Pearl hates her limited life under her mother’s eyes and judgment, and the only escapism she finds is at the movies. Dreaming of becoming a ballet dancer, she dreams of performing in front large crowds. She dances with her pets, whom she named after favorite film stars. To feed an alligator in the nearby pond, she sometimes kills one of the animals. She meets David Corenswet, a self-serving projectionist at the local movie house. He sells her big dreams of working in dance and going to Europe. He also grooms her, showing her a stag movie — the kind that paved the way for the indie porno shoot in X. Suddenly, Pearl sees a way out, and she’s willing to do anything to achieve it.

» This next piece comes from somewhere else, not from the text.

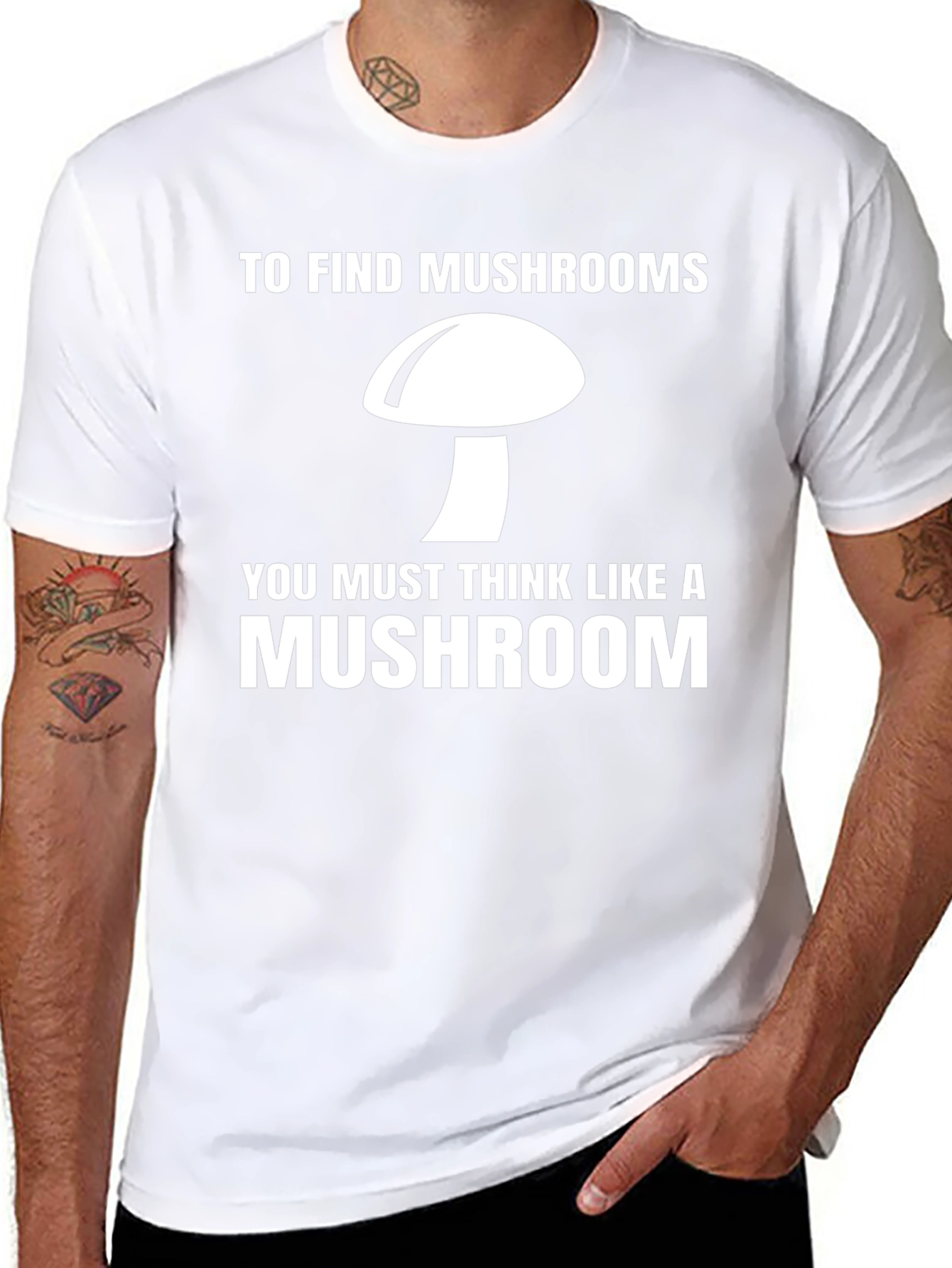 Black Think Like a Mushroom Graphic Tee view 8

The first reason why you need to see is Pearl is Mia Goth’s mesmerizing, tour-de-force performance. Her performance is filled with innocence and wistfulness that will make you root for her even though they know all about her past crimes and feel appalled at her present choices. The film’s look may have been inspired by Technicolor marvels such as The Wizard of Oz, Goth’s performance is straight out of Alfred Hitchcock’s PsychoYou can be kind, charming, or terrifying and insane one minute and then deranged, the next.

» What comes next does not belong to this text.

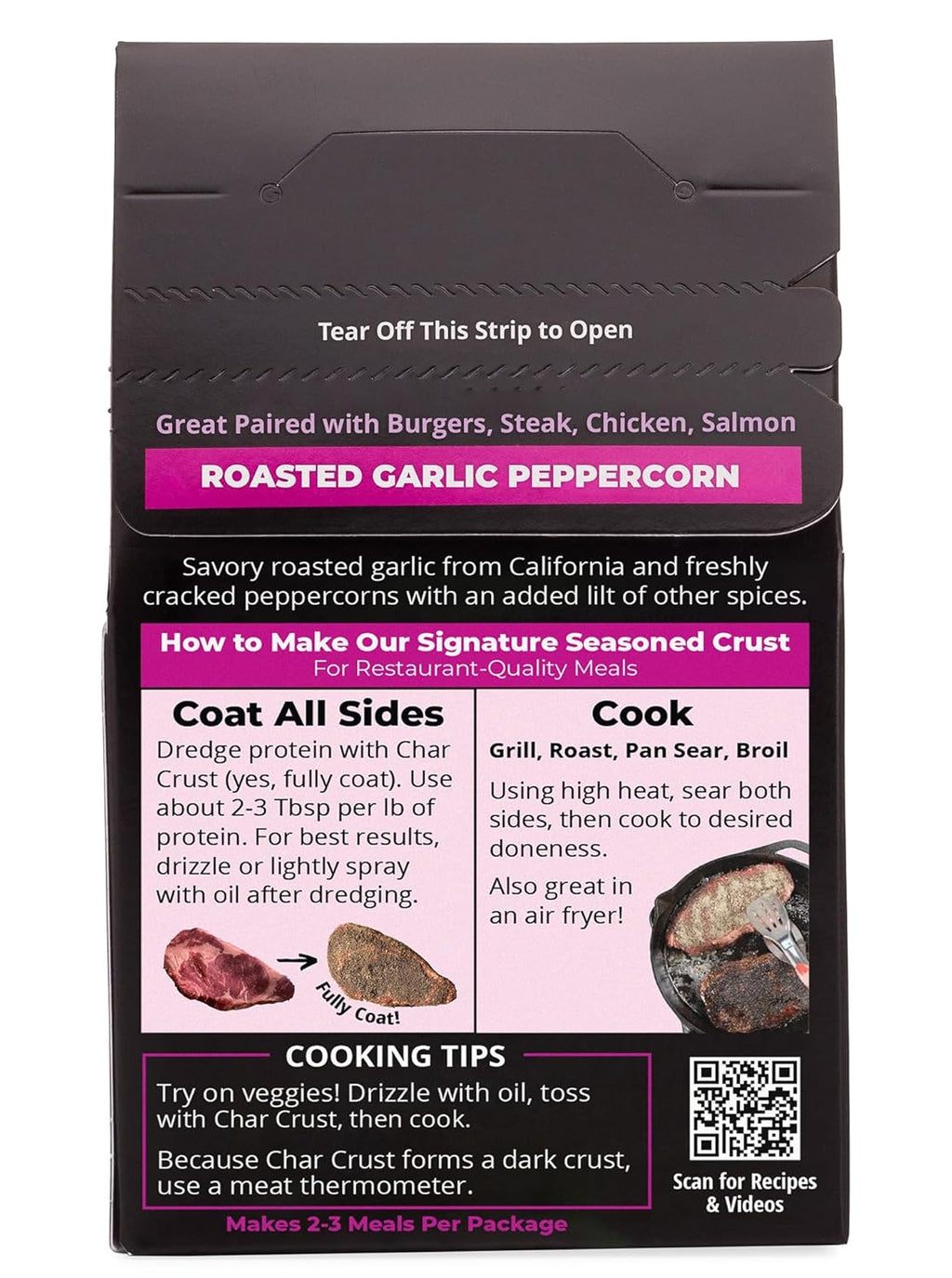 Char Crust Dry-Rub Seasoning, Roasted Garlic Peppercorn, 4-Ounce Boxes (Pack of 6)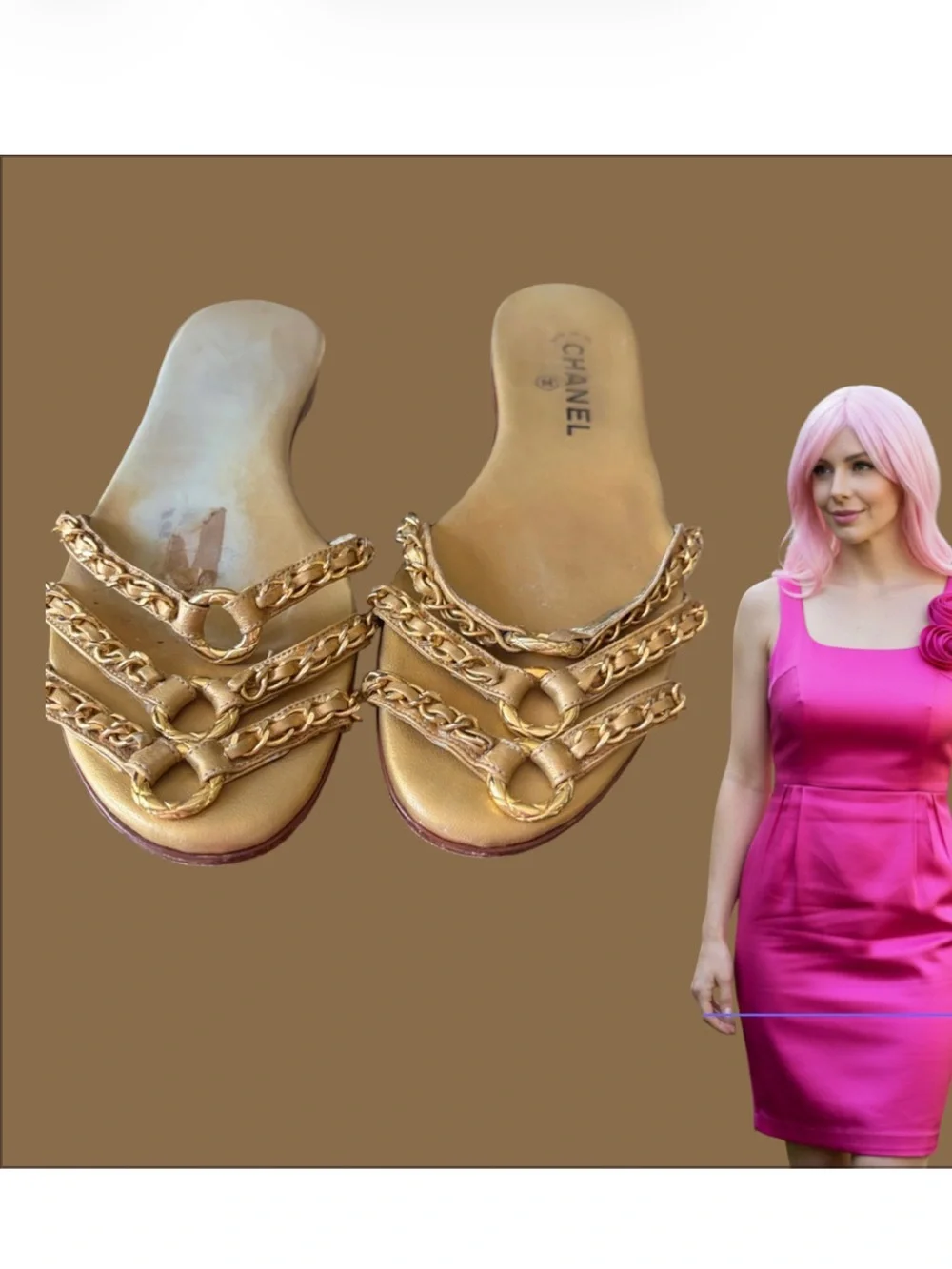 CHANEL Vintage Gold Espadrille Sandals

Where X Inspired heavily by early Indie Slashers’ DIY, cheap aesthetic, Pearl This is an attempt to replicate colorful visions of the spirit of Mary Poppins. Cinematographer Eliot Rockett imbues the film with bright, vivid colors, a soft palette, and a dreamlike quality, while Tyler Bates and Tim Williams’ score gives the film a rousing symphonic sound that makes Pearl’s journey feel as grand as Maria’s in The Sound of Music. Pearl is pure pastiche in style, but it works wonderfully, and it resonates as something that expresses West’s reverence, rather than as a parody or simple imitation.
Christopher Moss/A24.
The problem is that the pastiche doesn’t feel as purposeful as it did in X. The very specific 1918 setting doesn’t seem to be there for any other reason than to include a COVID allegory. It isn’t about specific movie references, which don’t reflect the moviemaking of the 1910s, and it doesn’t comment on conservatism or censorship in film, as the setting comes decades before the Hays Code turned Hollywood into a prisoner of moral conservatism.

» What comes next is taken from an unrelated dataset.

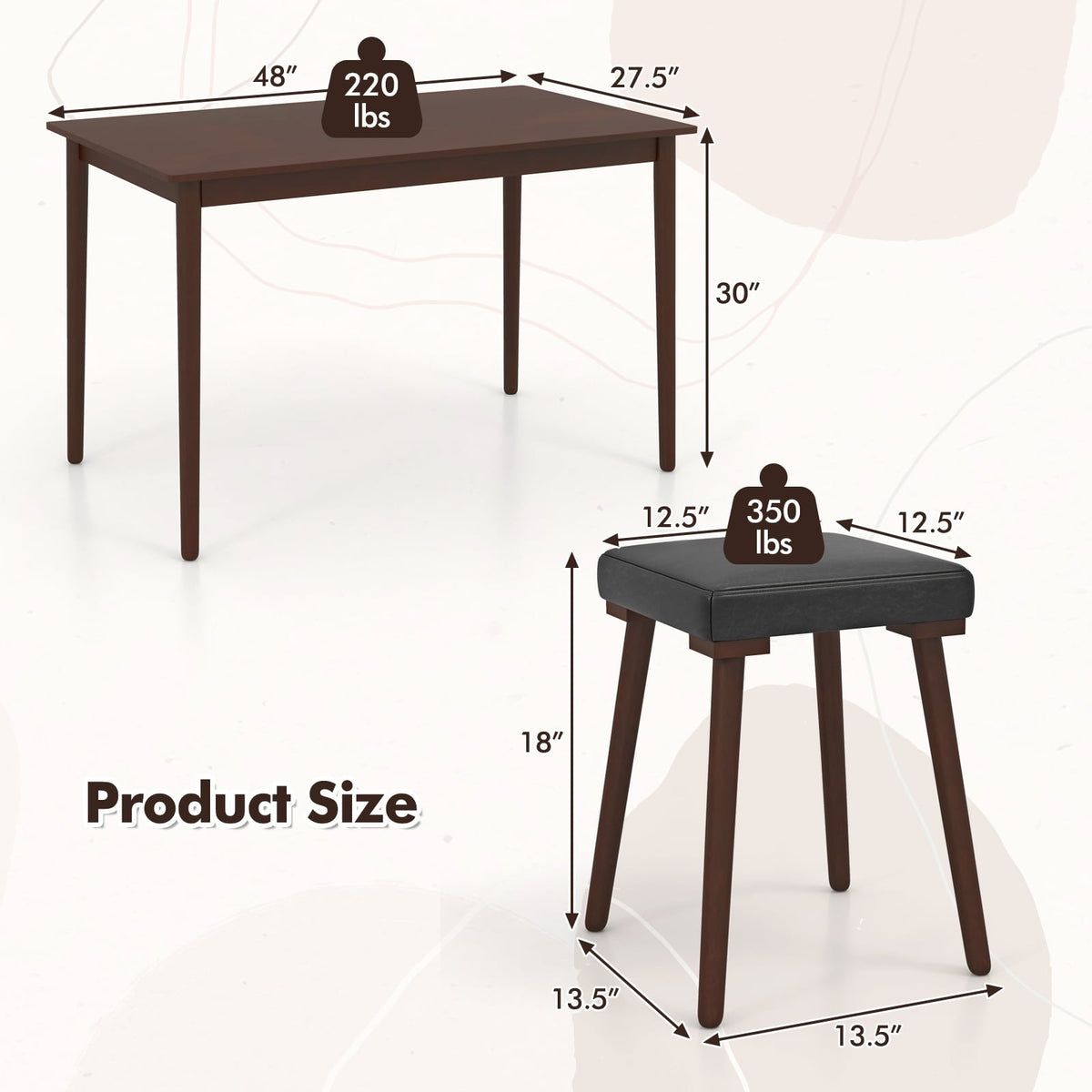 5 Piece Dining Table Set for 4 with 4 Upholstered Stools and Rubber Wood Legs-Brown-Dining Room Sets-DECOROLALA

The script, co-written by West and Goth, doesn’t do much to deepen Pearl’s character — and why would it? She’s the thinnest excuse for a character in XAn ageist villain, who kills attractive and sexually active young people to satisfy his petty jealousy. With Pearl, West and Goth had an opportunity to explore the environment that created Pearl’s sexual and killer drive, but they mostly leave it to viewers’ imaginations. You might like X Before it PearlIts central character is nothing more than a stock-slasher-movie psycho with selfish aspirations, no moral compass and a hunger for blood.
PearlIt is Mia Goth’s debut as a horror actress. West creates beautiful Technicolor nightmares with the help of brightly colored backgrounds and vivid colors. But the pieces don’t add up into anything more than a shiny surface. PearlThis proves that it doesn’t matter how much you can shoot a movie in secret doesn’t mean you have to.